On Wed, Oct 4, 2017 at 3:46 PM, Anthony Youngman
<antlists@youngman.org.uk> wrote:
> On 04/10/17 20:09, Curt wrote:
>>
>> Ok, thanks.
>>
>> I'm pretty sure I'll be able to DD from at least one of the failed
>> drives, as I could still query them before I yanked them.  Assuming I
>> can DD one of the old drives to one of my new ones.
>>
>> I'd DDrescue old to new drive. Then do an assemble for force, with a
>> mix of the dd drives and my old good ones? So if sda/b are new DD'd
>> drives and sdc/d/e are hosed grow drives, I'd do an assemble force
>> revert-reshape /dev/md127 sda sdb sdc sdd and sde? Then assemble can
>> use my info from the DD drives to assemble the array back to 7 drives?
>>   Did I understand that right?
>
>
> This sounds like you need to take a great big step backwards, and make sure
> you understand EXACTLY what is going on. We have a mix of good drives,
> copies of bad drives, and an array that doesn't know whether it is supposed
> to have 7 or 9 drives. One wrong step and your array will be toast.
>
> You want ALL FOUR KNOWN GOOD DRIVES. You want JUST ONE ddrescue'd drive.
>
> But I think the first thing we need to do, is to wait for an expert like
> Phil to chime in and sort out that reshape.
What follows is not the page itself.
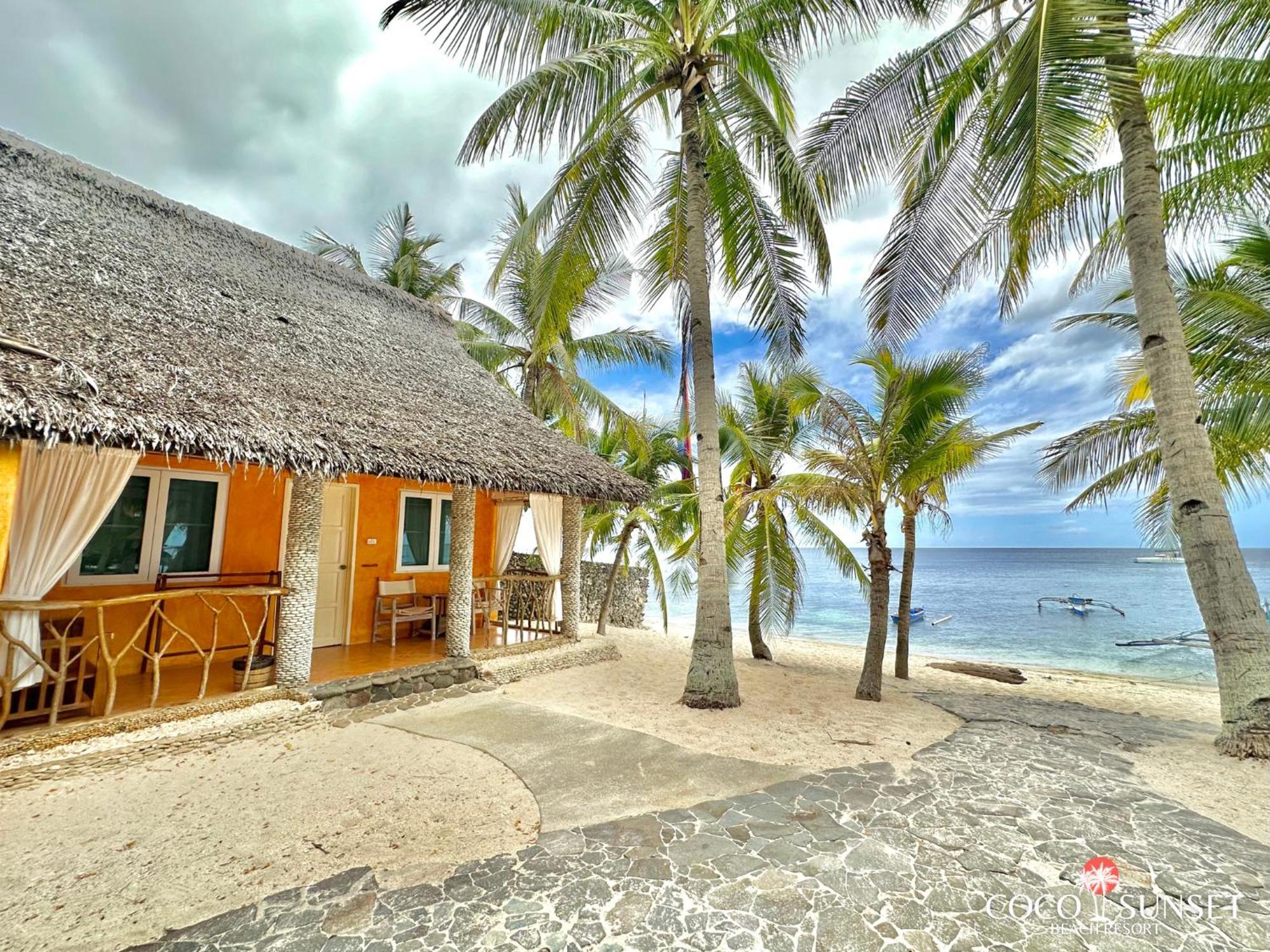 Coco Grove Beach Resort, Siquijor Island Luaran gambar A resort in Sabang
Your four good drives all think
> they are part of a 9-drive array. Your first two drives to fail think they
> are part of a 7-drive array. Does the third drive think it's part of a
> 7-drive or 9-drive array?
>
> Can you do a --examine on this drive? I suspect the grow blew up because it
> couldn't access this drive. I this drive thinks it is part of a 7-drive
> array, we have a bit of a problem on our hands.
>
> I'm hoping it thinks it's part of a 9-drive array - I think we may be able
> to get out of this ...
>>
>>
>> Oh and how can I tell if I have a timeout mismatch.  They should be raid
>> drives.
>
>
> smartctl -x /dev/sdX
>
> This will give you both the sort of drive you have - yes if it's in a
> datacentre chances are it is a raid drive - and then search the output for
> Error Recovery Control. This is from my hard drive...
>
> SCT capabilities:              (0x003f) SCT Status supported.
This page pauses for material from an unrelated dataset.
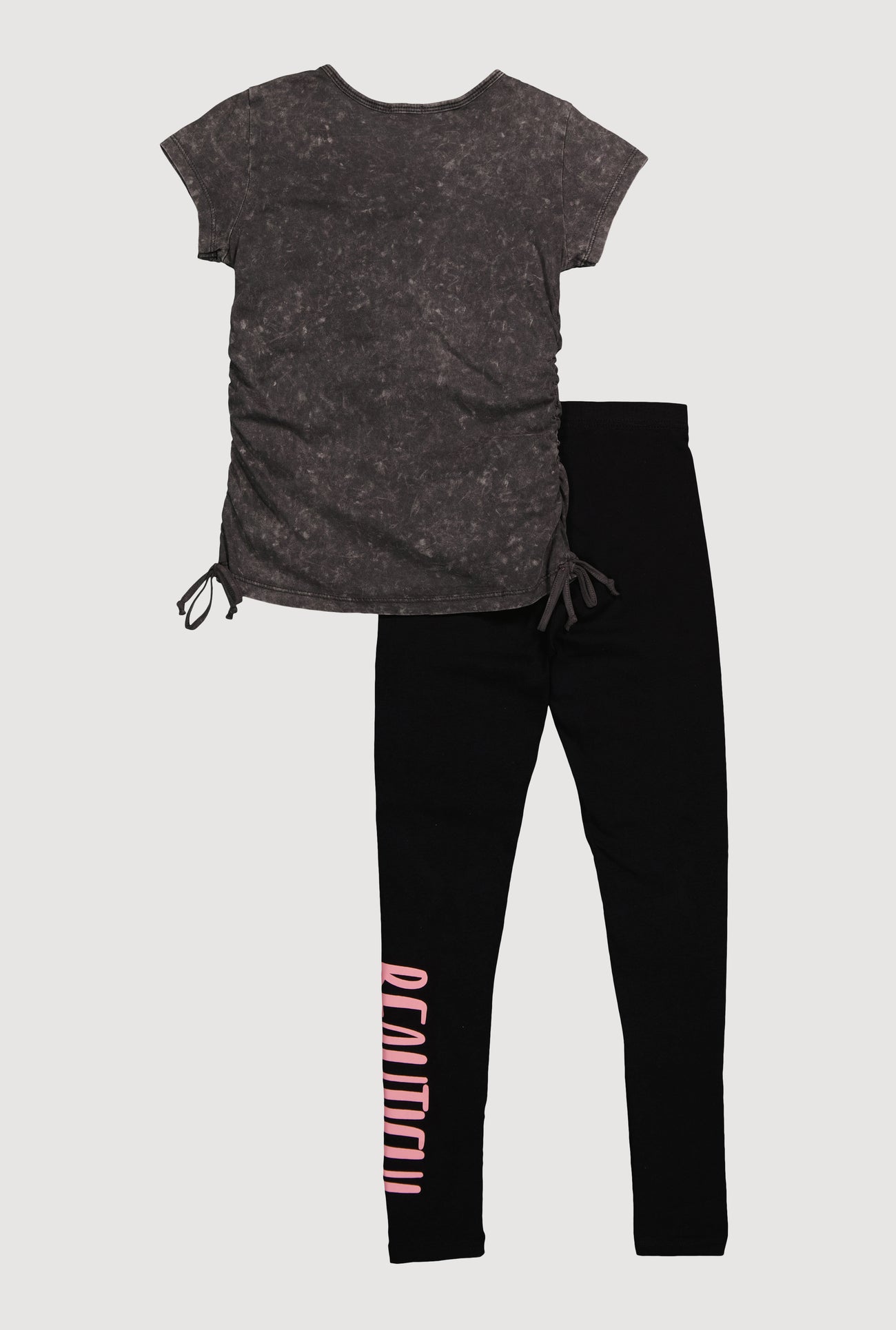 3608066590357005_003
>                                         SCT Error Recovery Control
> supported.
>                                         SCT Feature Control supported.
>                                         SCT Data Table supported.
>
> You need error recovery to be supported. If it isn't ...
>
>>
>> Cheers,
>> Curt
>
>
> Cheers,
> Wol